EXERCISE REQUIREMENTS: Copy every line from the records that holds the word "text".

(Excerpts from a dataset)
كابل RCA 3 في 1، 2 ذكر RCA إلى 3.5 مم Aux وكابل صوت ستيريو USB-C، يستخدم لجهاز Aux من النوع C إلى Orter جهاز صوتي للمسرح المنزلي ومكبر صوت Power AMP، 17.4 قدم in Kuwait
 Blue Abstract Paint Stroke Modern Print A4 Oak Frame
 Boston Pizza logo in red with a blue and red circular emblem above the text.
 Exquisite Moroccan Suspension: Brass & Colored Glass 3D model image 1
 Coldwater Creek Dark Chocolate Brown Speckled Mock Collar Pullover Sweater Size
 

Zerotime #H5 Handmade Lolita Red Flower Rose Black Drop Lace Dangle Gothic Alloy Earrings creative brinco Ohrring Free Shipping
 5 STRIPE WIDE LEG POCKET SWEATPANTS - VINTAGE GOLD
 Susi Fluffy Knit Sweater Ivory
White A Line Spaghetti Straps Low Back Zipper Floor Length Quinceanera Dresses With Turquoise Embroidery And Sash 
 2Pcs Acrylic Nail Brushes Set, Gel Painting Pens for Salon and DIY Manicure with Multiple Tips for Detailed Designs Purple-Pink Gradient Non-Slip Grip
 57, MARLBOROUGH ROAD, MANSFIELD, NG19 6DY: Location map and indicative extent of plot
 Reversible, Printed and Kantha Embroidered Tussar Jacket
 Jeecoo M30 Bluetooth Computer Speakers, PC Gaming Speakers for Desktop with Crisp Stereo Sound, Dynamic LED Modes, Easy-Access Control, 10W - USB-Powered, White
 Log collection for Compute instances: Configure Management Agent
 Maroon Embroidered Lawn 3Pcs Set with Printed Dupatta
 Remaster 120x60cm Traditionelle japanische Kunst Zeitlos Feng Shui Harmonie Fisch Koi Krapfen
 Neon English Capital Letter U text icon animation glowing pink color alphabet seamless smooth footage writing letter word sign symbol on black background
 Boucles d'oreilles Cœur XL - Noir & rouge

THE ANSWER:
 Boston Pizza logo in red with a blue and red circular emblem above the text.
 Neon English Capital Letter U text icon animation glowing pink color alphabet seamless smooth footage writing letter word sign symbol on black background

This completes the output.